▸ AIM OF THE TASK: Set down all of the entries below exactly, and omit the pictures.

▸ RECORDS FOR THIS EXERCISE:
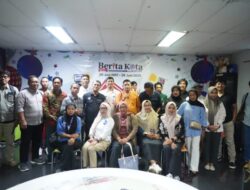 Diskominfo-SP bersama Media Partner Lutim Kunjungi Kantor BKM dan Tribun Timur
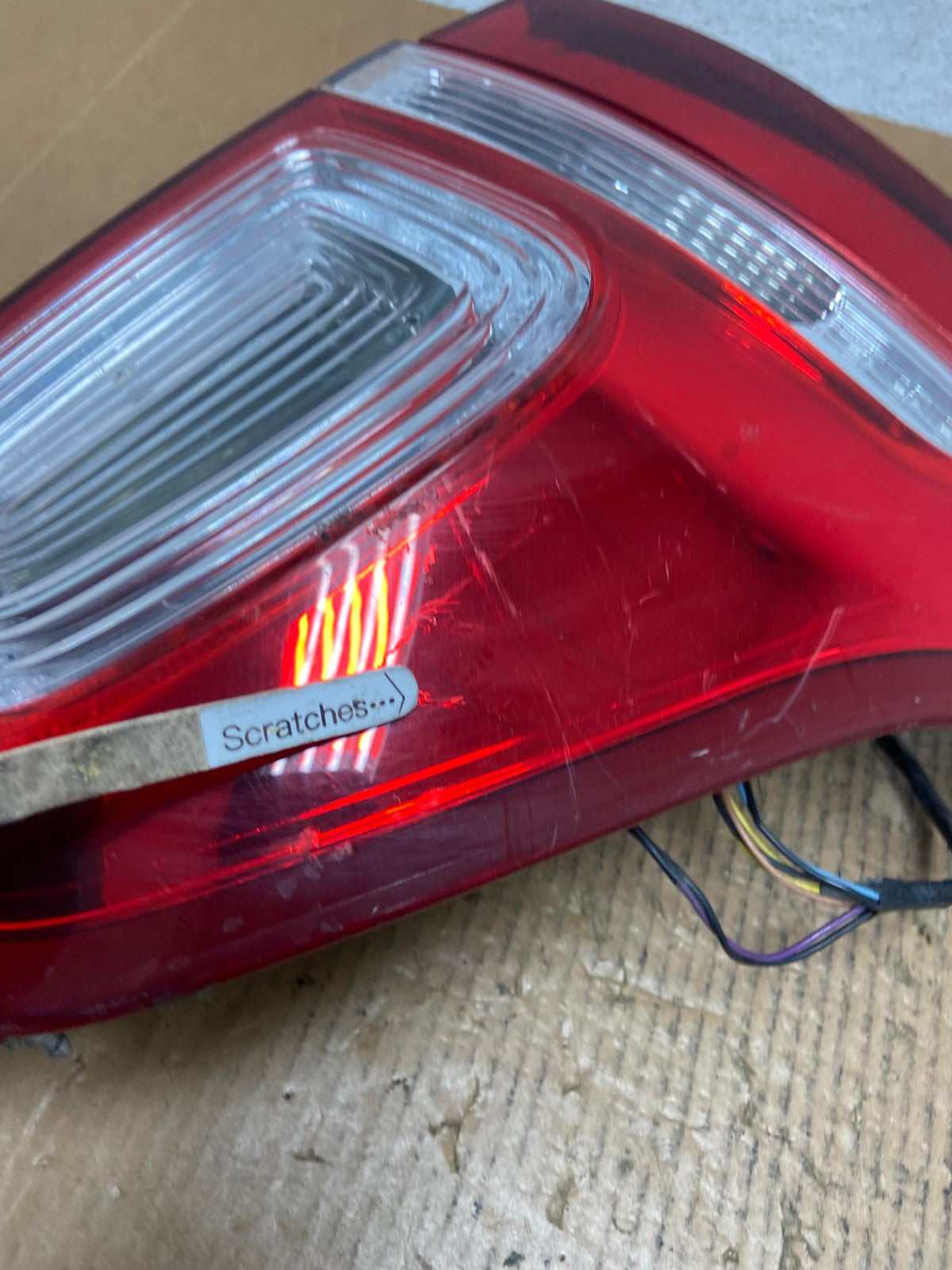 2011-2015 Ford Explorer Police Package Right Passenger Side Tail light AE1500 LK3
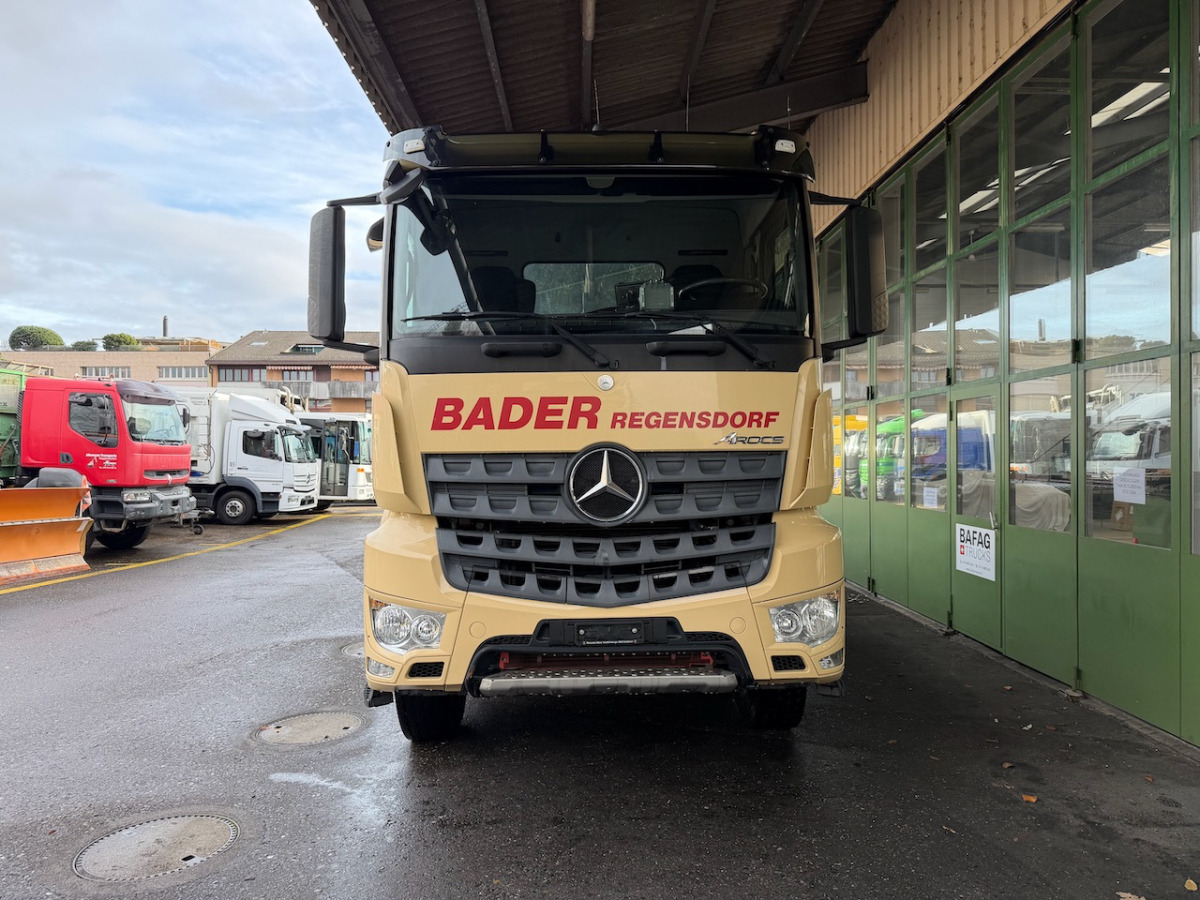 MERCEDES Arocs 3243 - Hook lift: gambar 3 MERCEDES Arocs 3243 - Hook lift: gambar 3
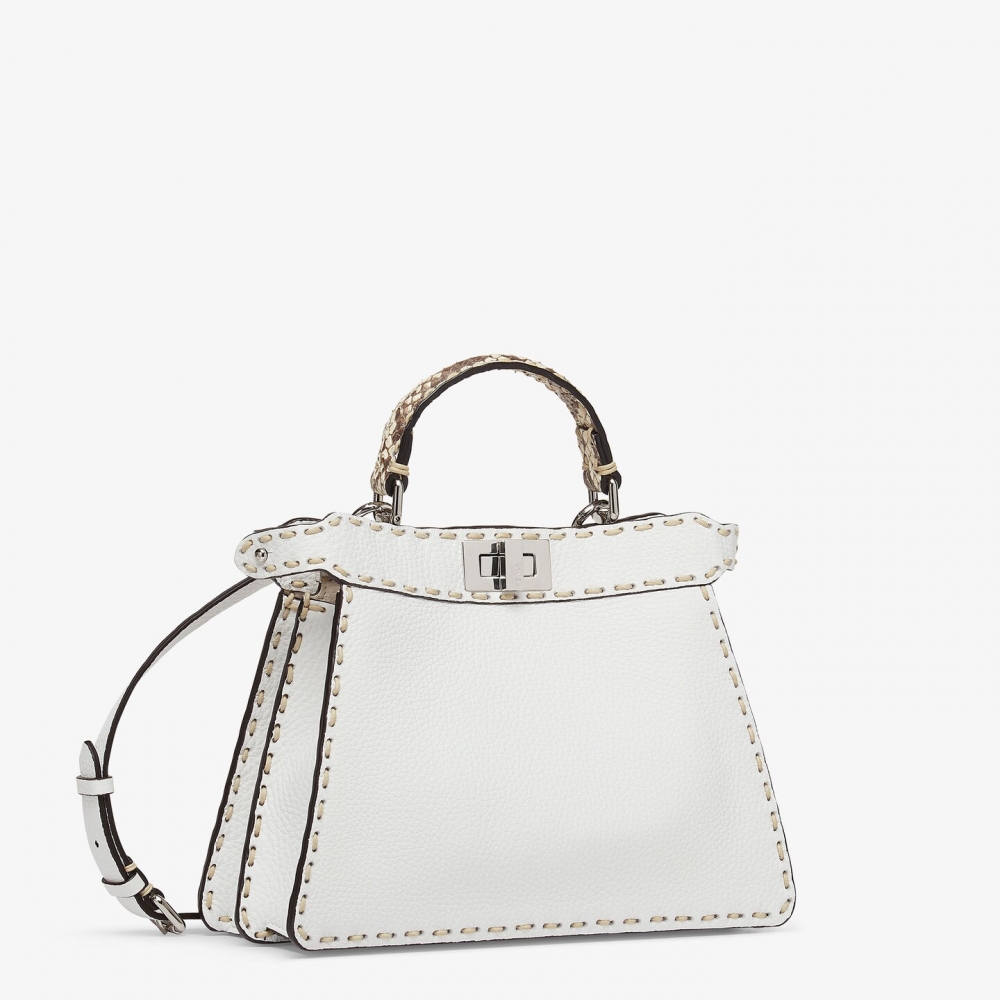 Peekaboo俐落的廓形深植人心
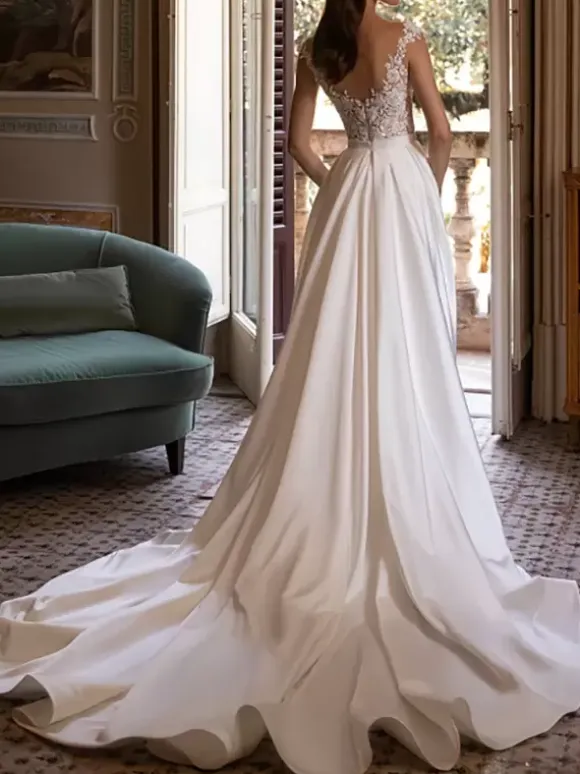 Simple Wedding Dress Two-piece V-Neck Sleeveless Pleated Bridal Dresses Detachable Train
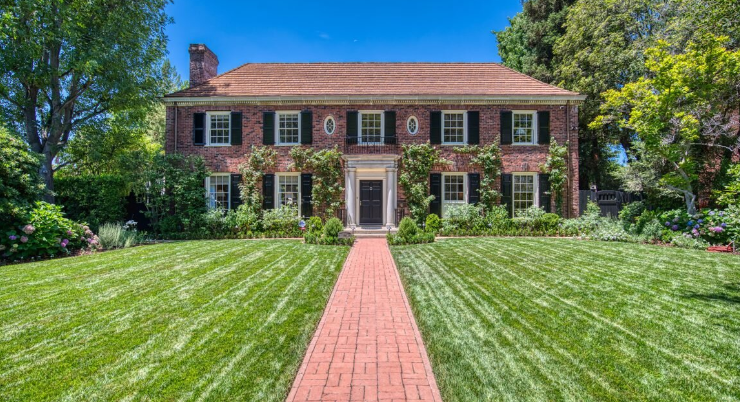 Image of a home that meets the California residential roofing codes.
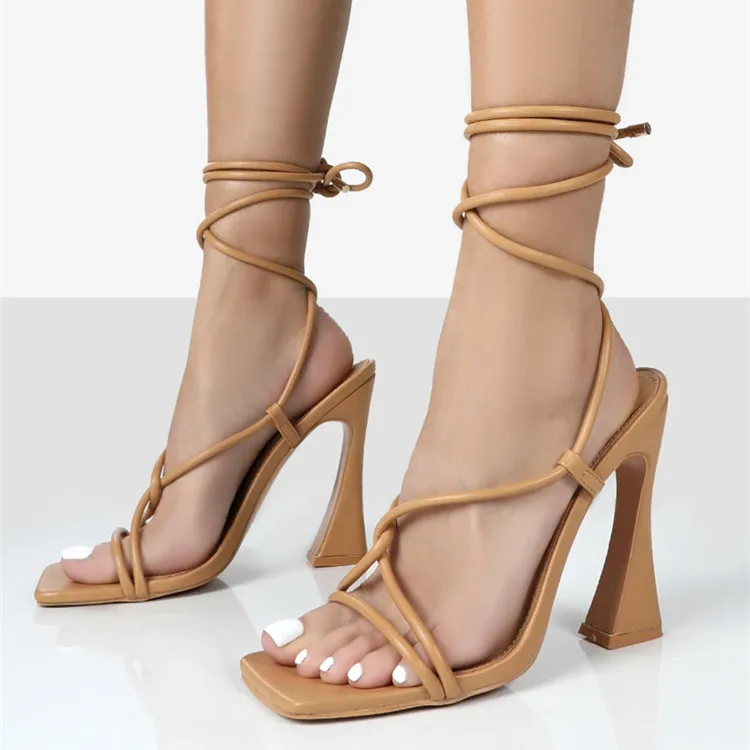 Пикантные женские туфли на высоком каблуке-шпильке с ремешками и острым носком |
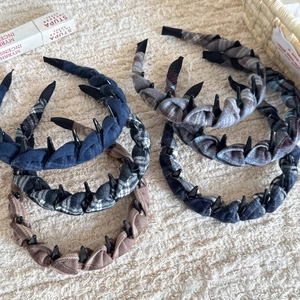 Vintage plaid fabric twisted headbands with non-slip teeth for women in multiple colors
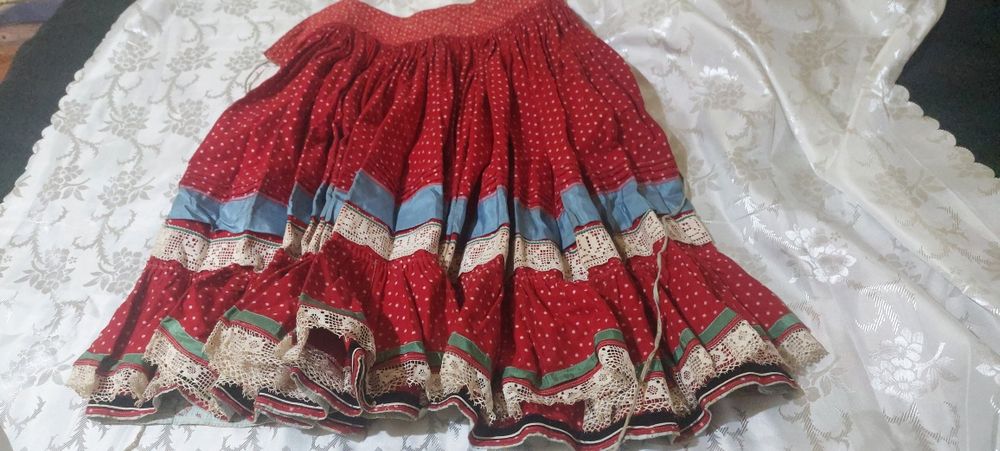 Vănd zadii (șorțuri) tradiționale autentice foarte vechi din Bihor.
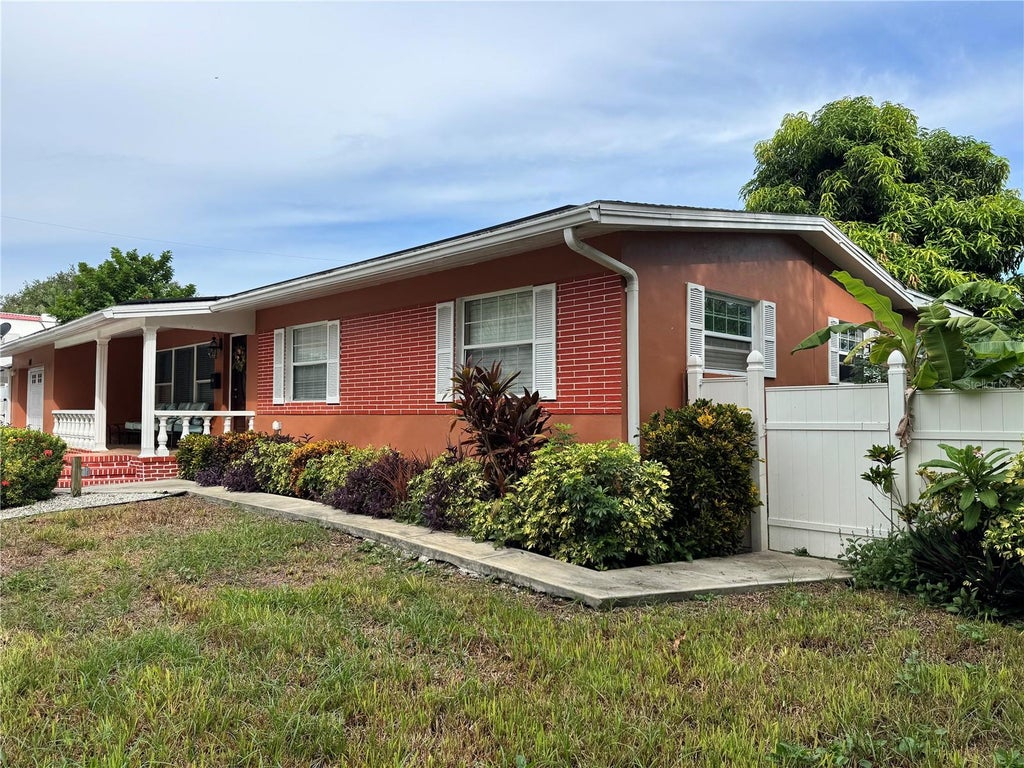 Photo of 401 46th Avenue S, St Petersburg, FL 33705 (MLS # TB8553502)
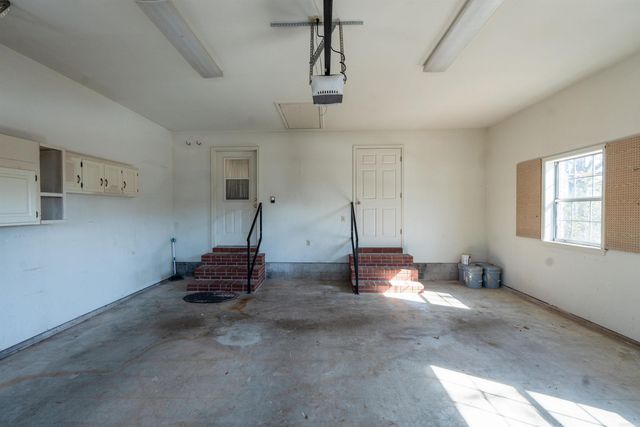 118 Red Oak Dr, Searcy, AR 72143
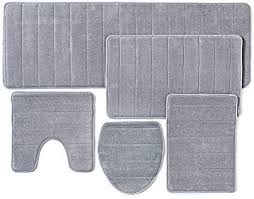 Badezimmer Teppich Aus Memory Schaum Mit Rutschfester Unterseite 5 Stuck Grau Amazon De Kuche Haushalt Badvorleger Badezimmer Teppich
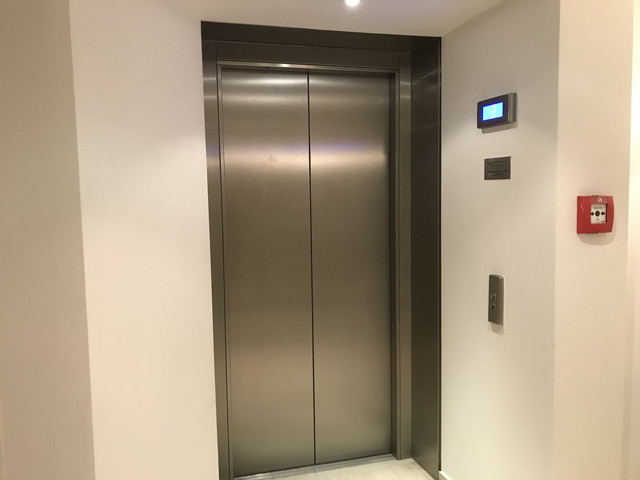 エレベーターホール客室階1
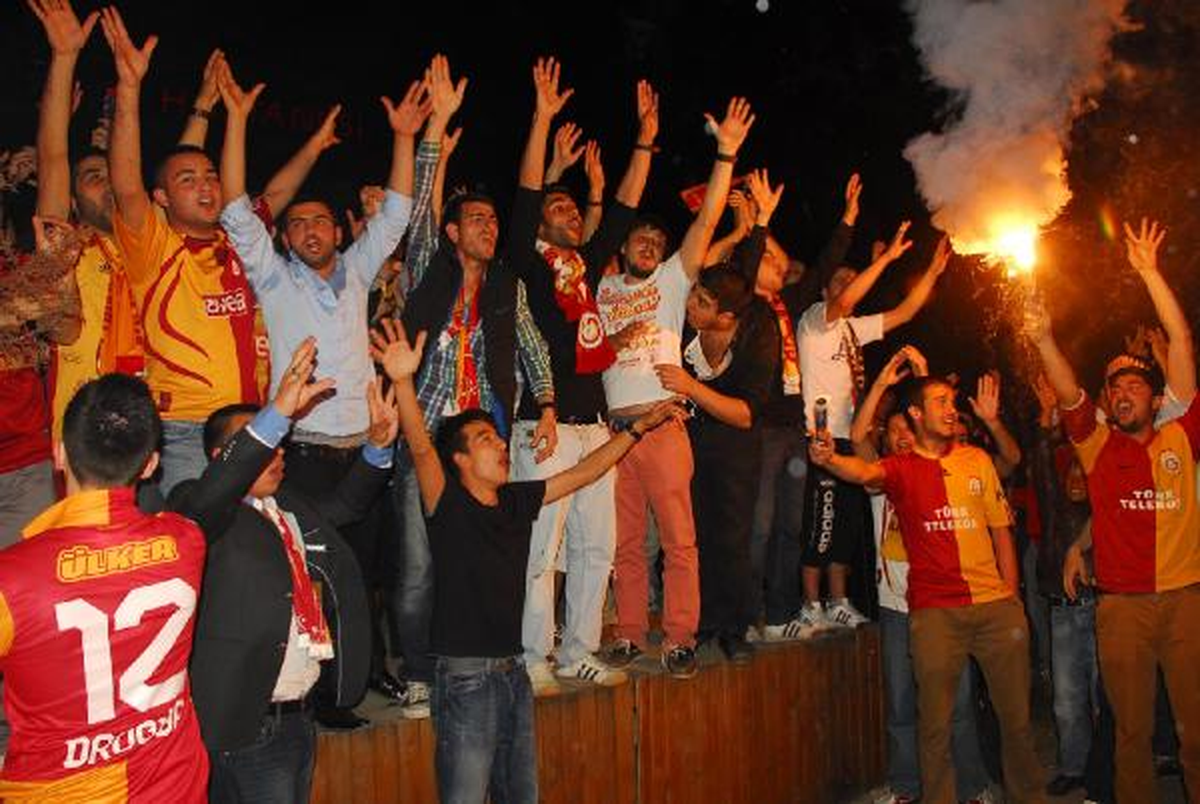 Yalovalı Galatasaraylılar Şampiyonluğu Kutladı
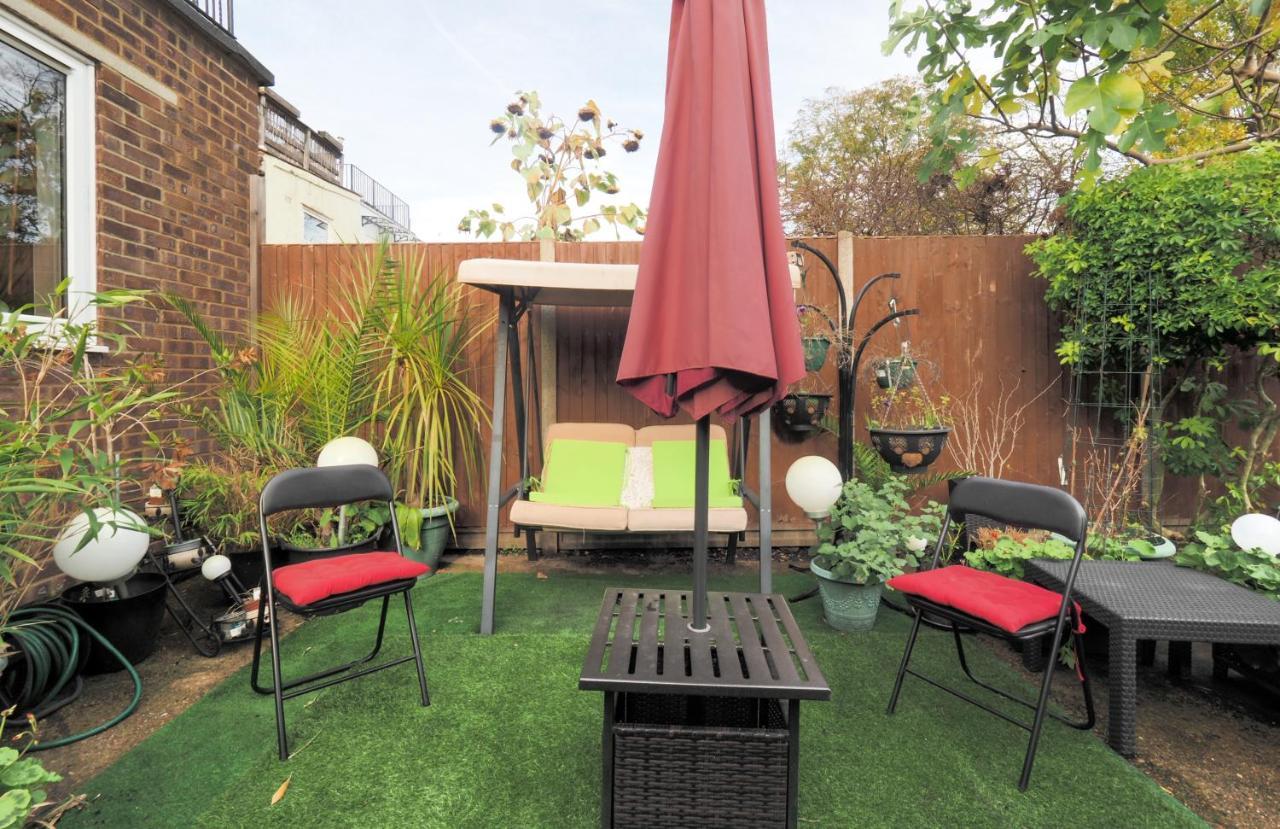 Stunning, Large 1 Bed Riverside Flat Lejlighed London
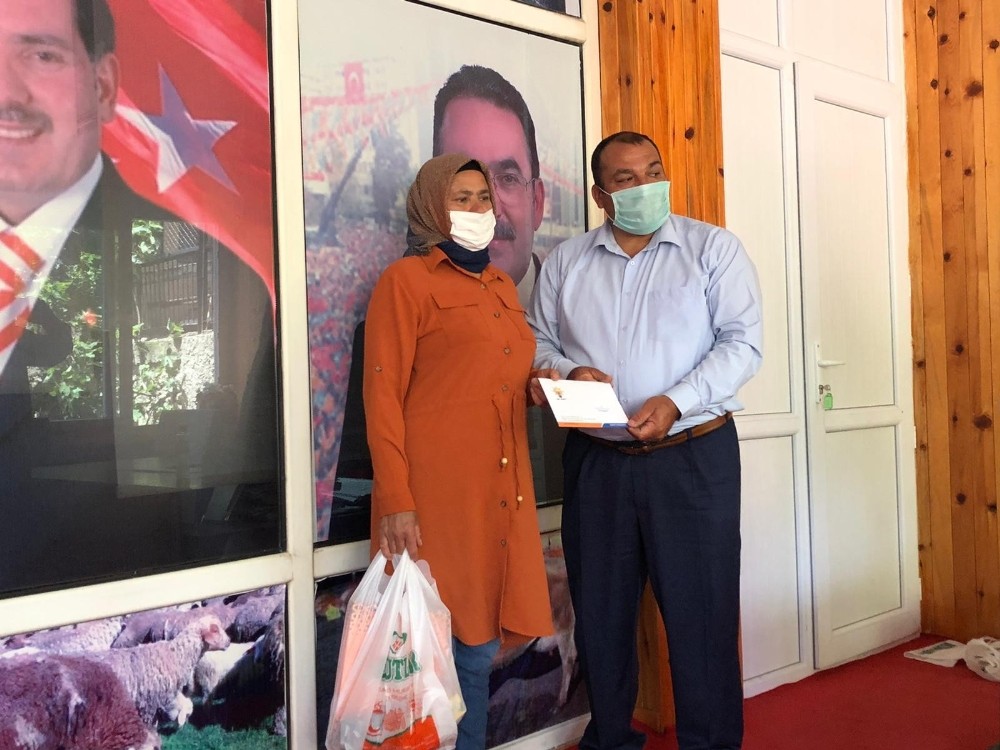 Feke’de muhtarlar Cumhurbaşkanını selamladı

▸ RESPONSE FOR THIS EXERCISE:
 Diskominfo-SP bersama Media Partner Lutim Kunjungi Kantor BKM dan Tribun Timur
 2011-2015 Ford Explorer Police Package Right Passenger Side Tail light AE1500 LK3
 MERCEDES Arocs 3243 - Hook lift: gambar 3 MERCEDES Arocs 3243 - Hook lift: gambar 3
 Peekaboo俐落的廓形深植人心
 Simple Wedding Dress Two-piece V-Neck Sleeveless Pleated Bridal Dresses Detachable Train
 Image of a home that meets the California residential roofing codes.
 Пикантные женские туфли на высоком каблуке-шпильке с ремешками и острым носком |
 Vintage plaid fabric twisted headbands with non-slip teeth for women in multiple colors
 Vănd zadii (șorțuri) tradiționale autentice foarte vechi din Bihor.
 Photo of 401 46th Avenue S, St Petersburg, FL 33705 (MLS # TB8553502)
 118 Red Oak Dr, Searcy, AR 72143
 Badezimmer Teppich Aus Memory Schaum Mit Rutschfester Unterseite 5 Stuck Grau Amazon De Kuche Haushalt Badvorleger Badezimmer Teppich
 エレベーターホール客室階1
 Yalovalı Galatasaraylılar Şampiyonluğu Kutladı
 Stunning, Large 1 Bed Riverside Flat Lejlighed London
 Feke’de muhtarlar Cumhurbaşkanını selamladı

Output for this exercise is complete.